The word research appears 17 times in the new RNC campaign strategy reform blueprint and consultants have taken note. Matt Rhoades and two former RNC staffers are teaming up to launch a new opposition research firm, according to reports. The details of the new shop are still hazy — a website isn’t up yet — but its timing coincides with the upper echelons of the party issuing a clarion call for more research, particularly campaign trackers.
“Well-funded conservative groups should seek to hire activists to track Democrat incumbents and candidates with video cameras constantly recording their every movement, utterance, and action,” the 100-page RNC report, released earlier this week, states. “Within the applicable legal constraints, we need to create our own video content, bank it, and release it when it suits our candidates’ needs.

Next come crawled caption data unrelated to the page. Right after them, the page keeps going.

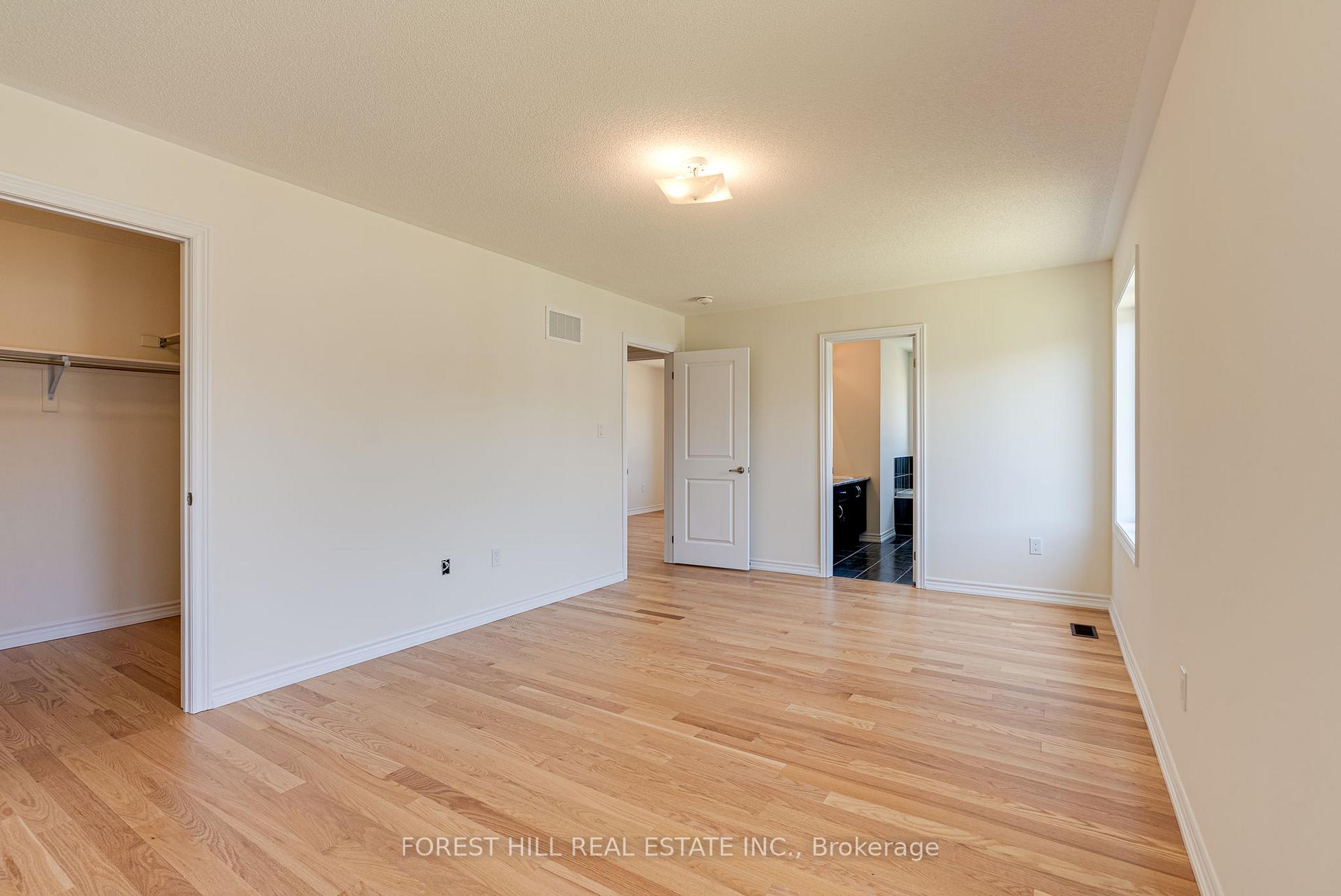 Photo 22 of 138 Terry Fox Drive, Barrie, Rural Barrie Southeast — HOMEH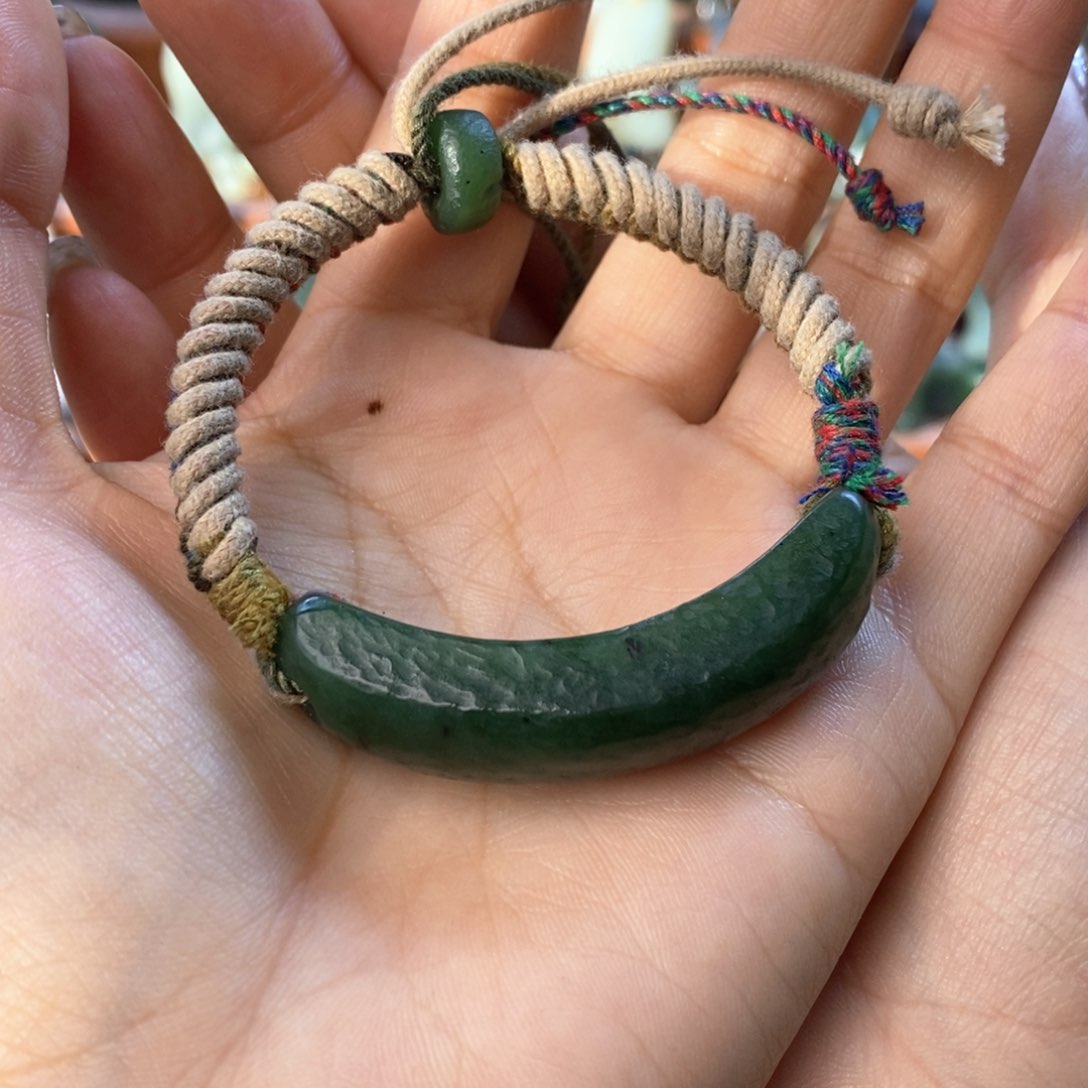 和田玉颈饰未镶嵌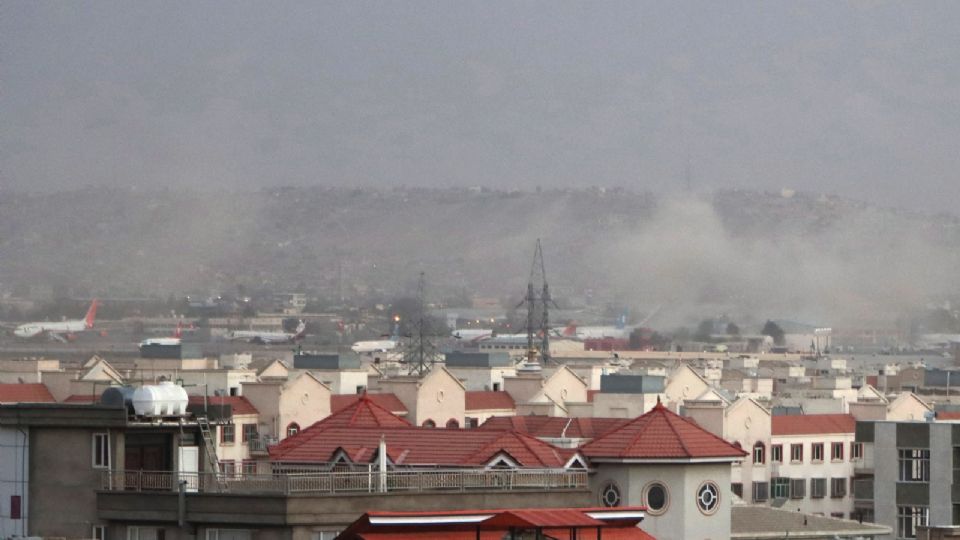 Explosión en el Aeropuerto de Kabul. Foto: EFE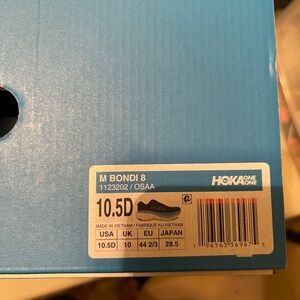 Hoka Bondi 8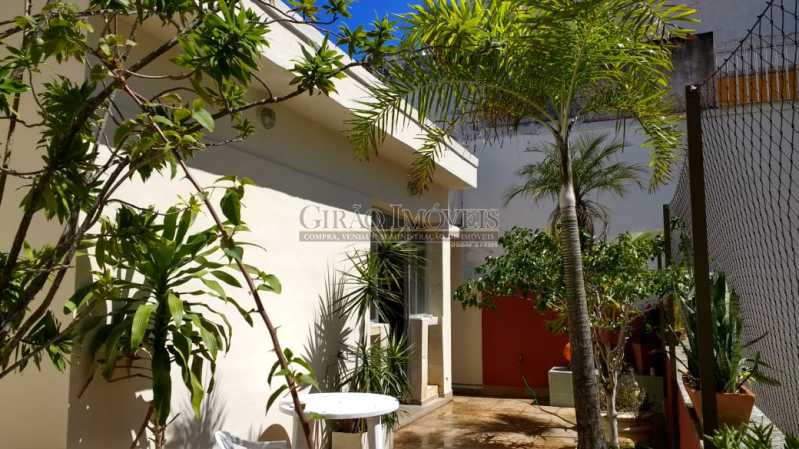 Conheça terraço 3. do imóvel - Cobertura duplex em Ipanema, por este preço? composta por:1 pavimento: salão em 2 ambientes, 2 quartos, escada linear, banheiro social, cozinha com área de serviço, dependência completa de empregada. 2 pavimento: 1 suíte, amplo terraço com vista livre, e - GICO30073 - 11 terraço 3. - Cobertura duplex em Ipanema, por este preço? composta por:1 pavimento: salão em 2 ambientes, 2 quartos, escada linear, banheiro social, cozinha com área de serviço, dependência completa de empregada. 2 pavimento: 1 suíte, amplo terraço com vista livre, e - GICO30073 - 11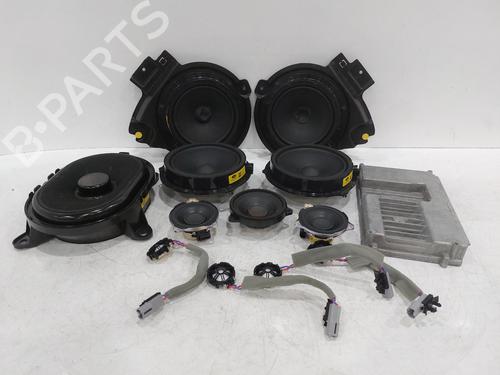 Speaker LAND ROVER DEFENDER Station Wagon (L663) D250 MHEV 4x4 | BP29235687E2 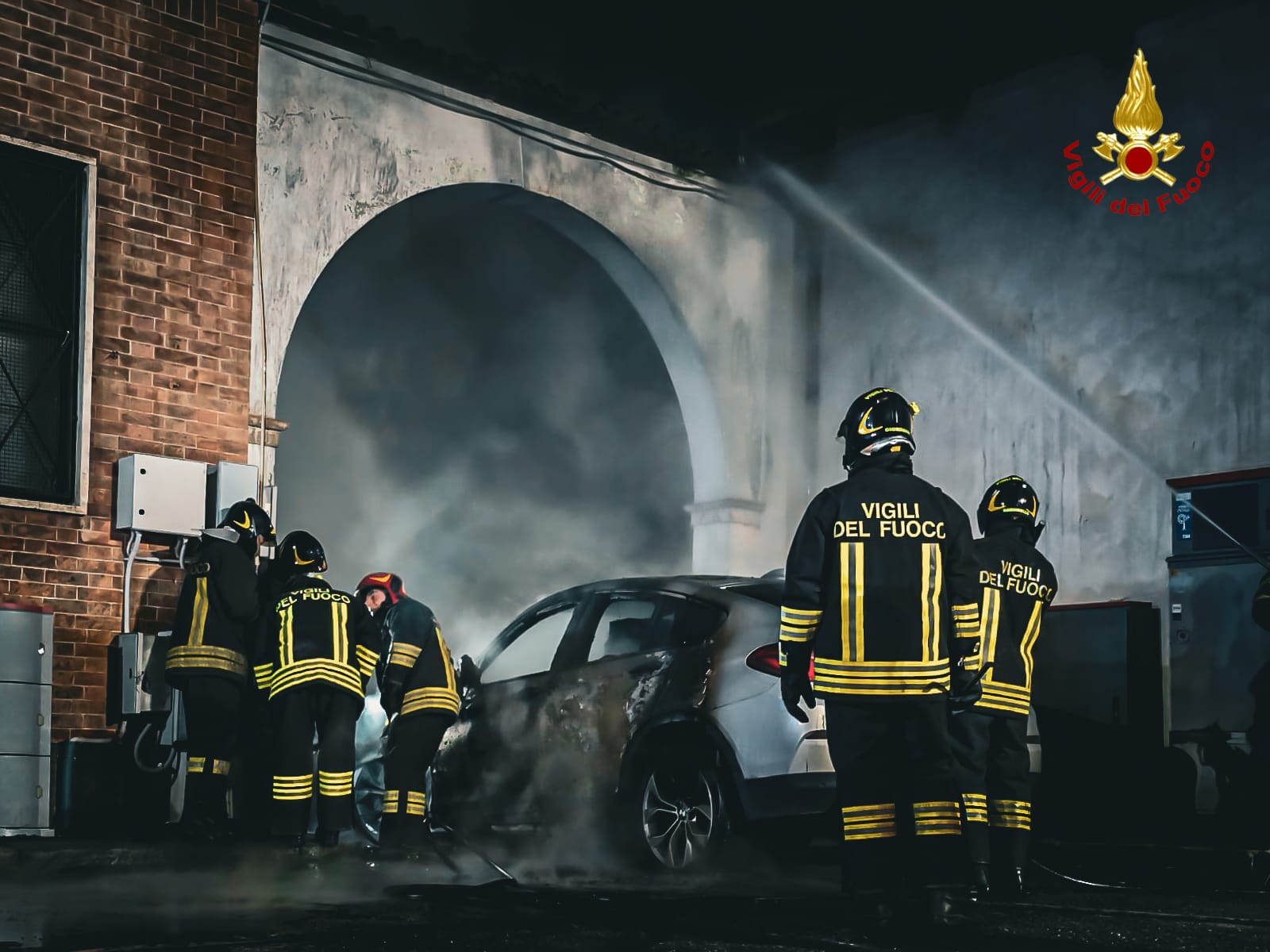 vigili del fuoco auto in fiamme 4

“An allied group dedicated solely to research to establish a private archive and public website that does nothing but post inappropriate Democrat utterances and act as a clearinghouse for information on Democrats would serve as an effective vehicle for affecting the public issue debate.”
Republican candidates have famously fallen victim to making damaging statements caught on camera by Democratic campaign trackers in recent cycles. In 2012, Democratic organizations such as American Bridge 21st Century served as the party’s eyes and ears. Rhoades and his colleagues now hope to replicate their rivals’ success.
“We plan to start this enterprise because so many Republicans seem to agree that there is a need on our side of the aisle for an entity that is focused on solely holding Democrats accountable for their actions and records using research, candidate tracking, rapid response and digital tools,” he told CNN in a statement.
The new firm, called America Rising, plans to start tracking Democratic House, Senate and potential presidential candidates and then selling subscriptions to GOP groups.
In addition to Rhoades, who headed opposition research for George W. Bush in 2004 and managed Mitt Romney’s 2012 campaign, the firm’s marquee will include former RNC staffers Tim Miller and Joe Pounder. The group is being advised by Ben Ginsberg, a Patton Boggs lobbyist who advised Romney’s campaign.